On the extremely off chance that I have any readers in the Great White North, I would just like to wish you a Happy and Prosperous Canada Day. I haven't been across the border since I spent my Spring Break in Toronto during my sophomore year of college, way back in the heady days of March 2002. But I found the sights beautiful, the streets clean, the exchange rate favorable, the beer cold, and the hobos entertaining. I have no quarrel with you, Maple Leafers.
Bob Alexander was not the best Canadian-born player to suit up for the Orioles, but he was the first, way back in the team's second year in Baltimore. Though he made his big league debut that year, he was already a wizened professional vet in his 13th season. The Yankees originally signed the Vancouver native way back in 1942, when he was 19 years old. His minor league travels had taken him to 11 different locales, from Hagerstown to Montreal. The second-division Birds (they finished seventh out of eight American League clubs with 97 losses) carried Bob on their Opening Day roster, but only used him four times in relief before sending him back to the bus leagues in May. His first three appearances were mop-up jobs in which he allowed six runs in three and two-thirds innings, but he did go out on a high note.

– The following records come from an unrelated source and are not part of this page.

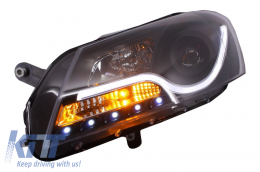 Első lámpák VW Volkswagen Passat B7 (2010-2014) fénycső LED DRL fekete-image-6017605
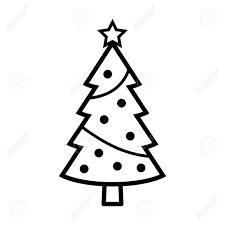 Whether you're seeking outdoor christmas decorating ideas for your house, simple ideas for any only when the decorations start coming out does it truly start to feel like christmas and we start. Christmas Holiday Tree With Decorations Star Line Art Vector Icon For Apps And Websites Royalty Free Cliparts Vectors And Stock Illustration Image 84623615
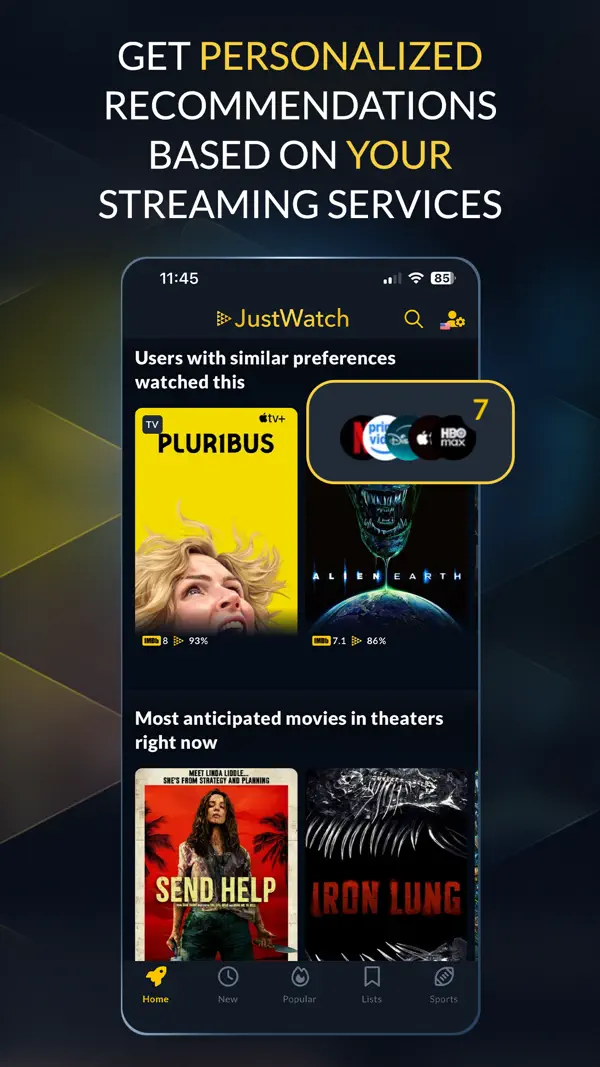 JustWatch - Movies & TV Shows iPhone App Screenshot 2 – Unterhaltung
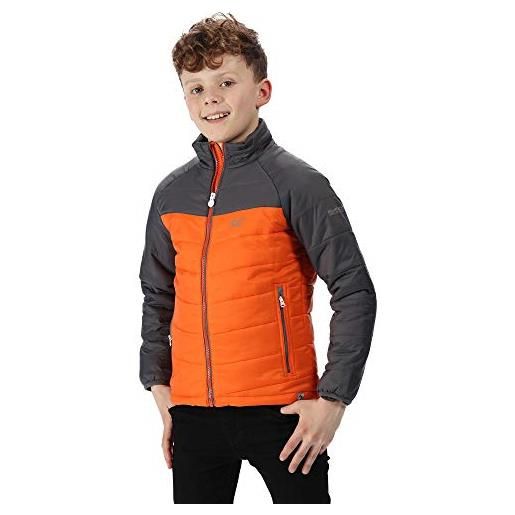 Regatta junior freezeway - giacca termica leggera trapuntata per bambini, bambino, rkn090 xt2k13, blaze orange/magnet, 13 anni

On May 1, 1955 the O's and White Sox were in the first game of a doubleheader and went to extra innings tied at seven apiece. When Don Ferrarese, their fifth pitcher of the game, walked Nellie Fox to load the bases, manager Paul Richards called on Alexander to retire Minnie Minoso to send the game to the 11th frame. The 32-year-old rookie did his job, getting Minoso to foul out to first base, and was rewarded with his only major league win when Jim Pyburn pinch-hit for him and delivered a two-run single in the top of the following inning. Harry Byrd nailed down the save despite allowing a run-scoring double to Clint Courtney.
Bob made it back to the bigs two years later for one more cup of coffee with the Indians. He was hit hard again, giving up seven runs in as many innings and failing to retire a batter in what proved to be his MLB swan song. He continued to pitch in the minors through the 1960 season, finally hanging up his spikes after 18 seasons and 148 professional wins...one of which came in a Baltimore Orioles uniform. O Bob Alexander, we stand on guard for thee!